[Dataset excerpts]
════════════════════
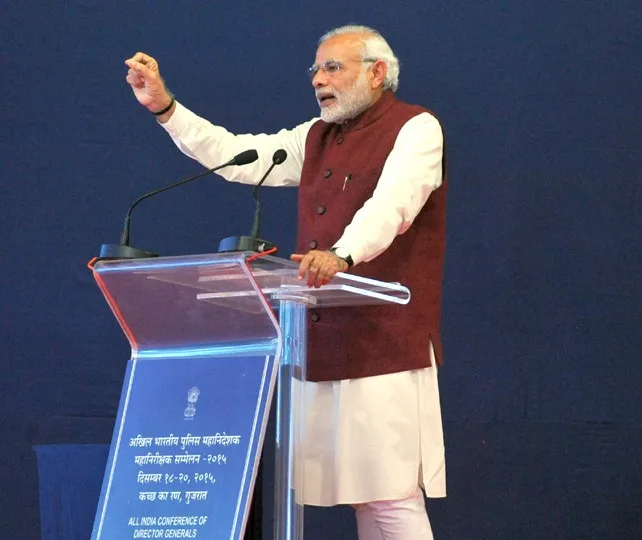 The Prime Minister, Shri Narendra Modi delivering his address on the 3rd and ..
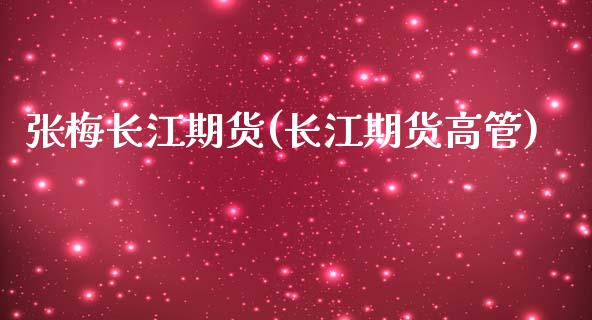 张梅长江期货(长江期货高管)_https://www.gnhpgy.com_道指期货_第1张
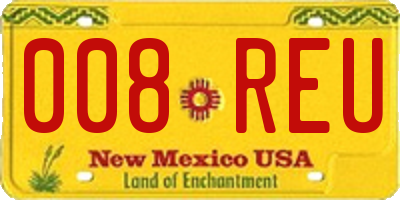 NM license plate 008REU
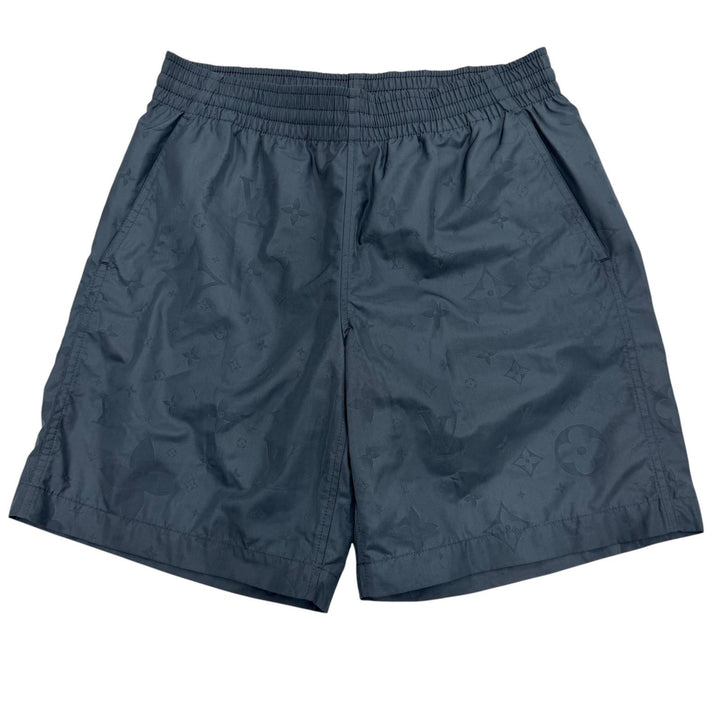 Excellent LOUIS VUITTON Shorts Signature Swimboard Shorts Navy XS 1A7Y0M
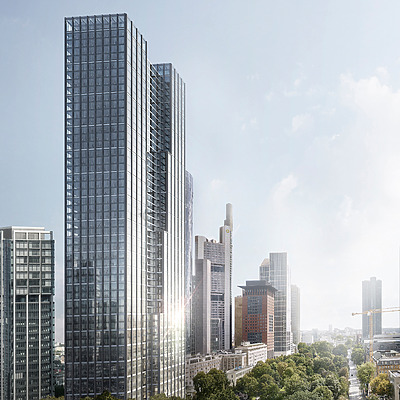 Hochhauskomplex Neue Mainzer Straße by KSP Engel und Zimmermann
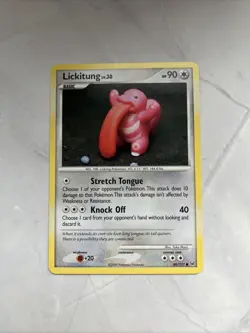 Lickitung 80/127 Platinum Base Set Yuka Morii Claymation Pokemon Card 💕 NM - Image 1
════════════════════
# YOUR TASK
Copy only this, please: the line with "Excellent LOUIS VUITTON" and every line after it through the end of the data, with no pictures.

# EXPECTED ANSWER
 Excellent LOUIS VUITTON Shorts Signature Swimboard Shorts Navy XS 1A7Y0M
 Hochhauskomplex Neue Mainzer Straße by KSP Engel und Zimmermann
 Lickitung 80/127 Platinum Base Set Yuka Morii Claymation Pokemon Card 💕 NM - Image 1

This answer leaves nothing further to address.